Unless, of course, this whole conflict was a resolution of the shapeshifting wizard's gender identity. The end of a seemingly endless cycle of self-destruction and alienation, masochistically setting oneself up for grand failure every episode cycle. An embrace of empathy and self-acceptance that had been denied.
Perhaps Dungeon Master was welcoming home a more confident, authentic form of Kareena over the agonized, paranoid and ultimately unhappy Venger.
This is actually a deviation from the way such coming out stories wind up; usually coming out as trans complicates family life and much awkward “comedy” revolves around the period of adjustment for the rest of the family to overcome their own internalized misgivings and prejudices (or not, with also “hilarious” results).
Dungeons & Dragons is able to skirt this–again, where have you seen a pleated wizard robe?–possibly because Kareena is introduced from the start as a black sheep with nowhere further to be alienated from the family embrace, or maybe because this takes place in a fantasy realm where a shapeshifter reconsidering her preferred form is not met with any sort of religious or ethical incongruencies.

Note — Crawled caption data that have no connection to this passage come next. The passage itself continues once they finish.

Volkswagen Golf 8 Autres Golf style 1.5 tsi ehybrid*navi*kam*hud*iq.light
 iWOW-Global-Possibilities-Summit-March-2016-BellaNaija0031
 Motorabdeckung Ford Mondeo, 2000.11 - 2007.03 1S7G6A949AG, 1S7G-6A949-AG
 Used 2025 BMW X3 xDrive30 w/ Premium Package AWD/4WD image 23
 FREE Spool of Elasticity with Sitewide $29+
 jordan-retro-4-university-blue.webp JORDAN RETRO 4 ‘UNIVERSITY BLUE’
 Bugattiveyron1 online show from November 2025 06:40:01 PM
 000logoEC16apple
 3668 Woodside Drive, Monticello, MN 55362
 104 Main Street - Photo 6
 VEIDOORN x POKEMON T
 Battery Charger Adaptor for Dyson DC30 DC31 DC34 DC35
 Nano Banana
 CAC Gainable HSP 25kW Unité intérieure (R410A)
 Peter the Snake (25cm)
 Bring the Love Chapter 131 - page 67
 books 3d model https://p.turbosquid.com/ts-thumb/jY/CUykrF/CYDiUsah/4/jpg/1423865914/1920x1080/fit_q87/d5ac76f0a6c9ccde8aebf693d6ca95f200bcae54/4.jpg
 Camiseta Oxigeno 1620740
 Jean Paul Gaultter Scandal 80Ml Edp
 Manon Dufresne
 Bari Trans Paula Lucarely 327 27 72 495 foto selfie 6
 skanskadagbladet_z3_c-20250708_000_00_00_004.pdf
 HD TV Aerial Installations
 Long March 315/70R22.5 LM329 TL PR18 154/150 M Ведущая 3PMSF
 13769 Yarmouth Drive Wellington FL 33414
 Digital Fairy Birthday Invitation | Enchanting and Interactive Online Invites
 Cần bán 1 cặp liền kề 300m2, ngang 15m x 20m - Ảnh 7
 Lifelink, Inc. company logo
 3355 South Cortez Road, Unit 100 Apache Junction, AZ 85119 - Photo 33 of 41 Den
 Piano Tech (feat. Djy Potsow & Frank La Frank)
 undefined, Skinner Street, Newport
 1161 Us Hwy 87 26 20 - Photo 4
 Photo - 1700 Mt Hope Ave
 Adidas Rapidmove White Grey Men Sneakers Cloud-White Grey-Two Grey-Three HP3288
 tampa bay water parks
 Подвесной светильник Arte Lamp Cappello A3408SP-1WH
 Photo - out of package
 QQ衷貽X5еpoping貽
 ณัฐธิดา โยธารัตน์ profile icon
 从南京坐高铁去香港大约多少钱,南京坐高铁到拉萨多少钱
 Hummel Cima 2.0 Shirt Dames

Maybe Dungeon Master left Kareena to her own devices (and self-inflicted anguish) not out of neglect but to allow her to grow organically without his (potentially resented) influence.
Maybe, just maybe, DM isn’t such a bad dad after all.
One of the more challenging aspects of the Dungeons and Dragons cartoon (comparative to other Saturday morning cartoons of the era) was the unusual levels of empathy expected from the audience for even ethically complicated characters. As a canonical development, this revelation/resolution of such a fundamental and painful struggle within a character widely regarded as a pitiless nemesis (that the “good” protagonists even considered murdering early on in the series) takes that challenge to a whole other level.